How much can people with ME stand?

by Sasha Nimmo

Australian researchers have literally measured how long people with Myalgic Encephalomyelitis can stand up. The study shows the length of time patients can stand up may be a useful measure of ME severity, and easy to do in clinical environments. The study also confirmed an earlier finding that Activin B is a potential biomarker for ME.

Scientists looked the weighted standing time (WST) as a measure of illness severity, by assessing orthostatic intolerance.  Orthostatic intolerance is where symptoms are made worse by upright posture and improve when lying down, including symptoms such as low blood pressure and increased heart rate.

Victoria’s CFS Discovery Clinic recruited 45 people with ME and 17 healthy controls between 2011 and 2013.  The Canadian Consensus Criteria was used, as the authors said “this study commenced just prior to the publication of the International Criteria; therefore, it continued with diagnosis by the Canadian Criteria for the project duration”. One of the authors of the paper, Dr Don Lewis, is an author of the Canadian and International Consensus Criteria.

‘Weighting of orthostatic intolerance time measurements with standing difficulty score stratifies ME/CFS symptom severity and analyte detection‘ was published in the Journal of Translational Medicine, April 2018.

Standing test method
The standing test is 20‐min standing task. Heart rate and pulse pressure were recorded at baseline, at 2‐min intervals poststanding, at the end of the task and following a recovery period. Average heart rate and pulse pressure variability were calculated from this data. Age, gender, length of illness and self‐reported fatigue scores were also recorded. POTS patients were diagnosed by an orthostatic increase in heart rate >30 beats per min, concomitant symptoms of orthostatic intolerance and no orthostatic hypotension. Differences in autonomic functioning between POTS and CFS patients were compared using independent samples t‐tests, whilst logistic and linear regressions were performed to examine the contribution of autonomic functioning to task completion and perceived fatigue, respectively.

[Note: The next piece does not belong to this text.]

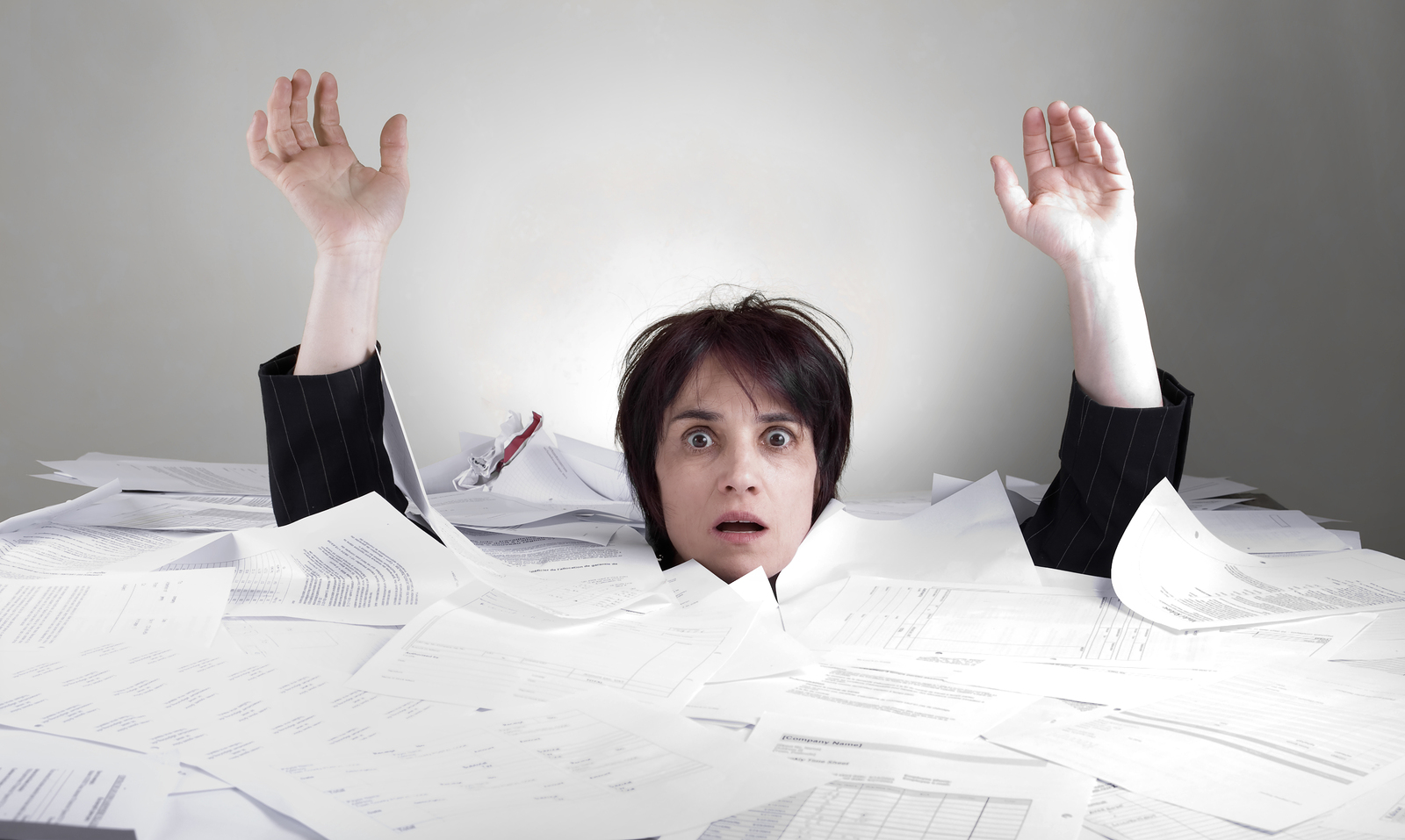 overworked adult business woman buried under paperwork isolated on white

“Since the distribution of standing time has not been widely explored, there is value in investigating the distribution of the unweighted standing time in the first instance. Furthermore, it is not yet known whether weighting the standing time could improve the properties of the unweighted standing time, in particular the ability of the standing test to delineate between levels of ME/CFS severity in patients. This study addresses these questions.”

The standing test included a subjective score of standing difficulty, assessing symptoms including pre-syncope (light-headedness and feeling faint) and pain.

The study grouped patients into three levels of severity:

Potential biomarker
Lead author, Dr Alice Richardson from the Australian National University looked at pathology and cytokine markers including activins A and B, which are cytokines linked to inflammation. This follows work done by other the authors, which found Activin B is a potential biomarker for ME.  The lead author of the earlier study was Associate Professor Brett Lidbury, ANU.

“On direct comparison of ME/CFS to study controls, only serum activin B was significantly elevated, with no significant variation observed for a broad range of serum and urine markers, or other serum cytokines.”

Authors noted the study is limited by the sample size; small number of healthy controls and that the standing test can only be run once per patient because of the taxing nature of test but said ‘unpublished analysis from a separate cohort of healthy controls is incomplete at present, but thus far confirms the results in this paper’.

Funding for the work came from the Alison Hunter Memorial Foundation.